Increase in length of substance $(\Delta l)$ is directly proportional to original length " $l$ " and increase in temperature "$\Delta T$".

$\therefore \Delta l \alpha l$ and $\Delta l \alpha \Delta \mathrm{T}$

$\therefore \Delta l \alpha l \Delta \mathrm{T}$ (combinely)

$\therefore \frac{\Delta l}{l} \alpha \Delta \mathrm{T}$

Hence, the fractional change in length. $\left(\frac{\Delta l}{l}\right)$ is directly proportional to $\Delta \mathrm{T}$.

$\therefore \frac{\Delta l}{l} \propto \Delta \mathrm{T}$

$\therefore \frac{\Delta l}{l}=\alpha_{l} \Delta \mathrm{T}$

$\therefore \Delta l=\alpha_{l} l \Delta \mathrm{T}$

Where $\alpha_{l}$ is coefficient of linear expansion and is characteristic of material.

Value of $\alpha_{l}$ depends on type of material and temperature.

If the temperature difference is not large then ' $\alpha_{l}$ ' doesn't depend on temperature.

Unit of $\alpha_{l}$ is $\left({ }^{\circ} \mathrm{C}\right)^{-1}$ or $\mathrm{K}^{-1}$.

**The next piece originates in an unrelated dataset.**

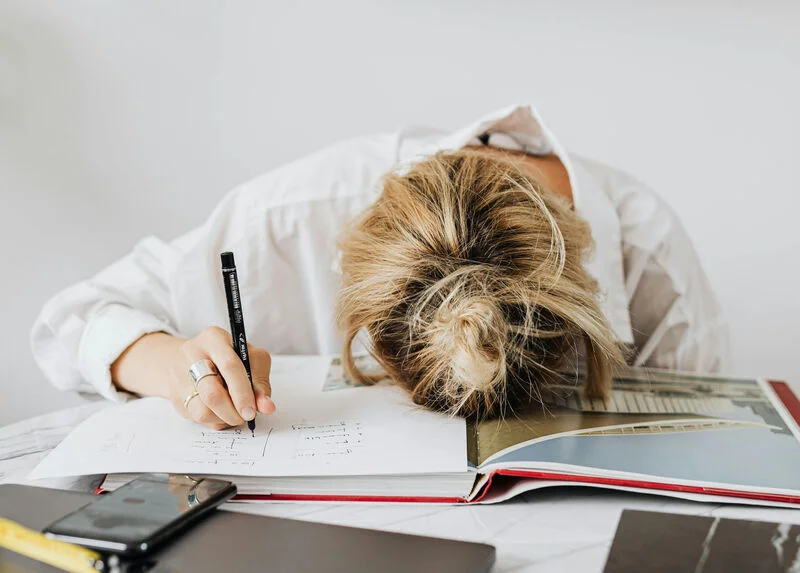 Stressed out woman with head on desk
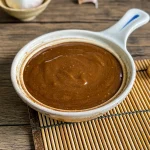 Homemade hoisin sauce served in a small ceramic bowl.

In equation (1), $\Delta l=l_{2}-l_{1}$ and $\Delta \mathrm{T}=\mathrm{T}_{2}-\mathrm{T}_{1}$,

$l_{2}-l_{1}=\alpha_{l} l_{1}\left(\mathrm{~T}_{2}-\mathrm{T}_{1}\right)$

$\therefore l_{2}=l_{1}+\alpha_{l} l_{1}\left(\mathrm{~T}_{2}-\mathrm{T}_{1}\right)$

$\therefore l_{2}=l_{1}\left[1+\alpha_{l}\left(\mathrm{~T}_{2}-\mathrm{T}_{1}\right)\right]$

By taking $\alpha_{l}=\alpha$ and $l_{1}=l$

$l_{2}=l\left[1+\alpha\left(\mathrm{T}_{2}-\mathrm{T}_{1}\right)\right]$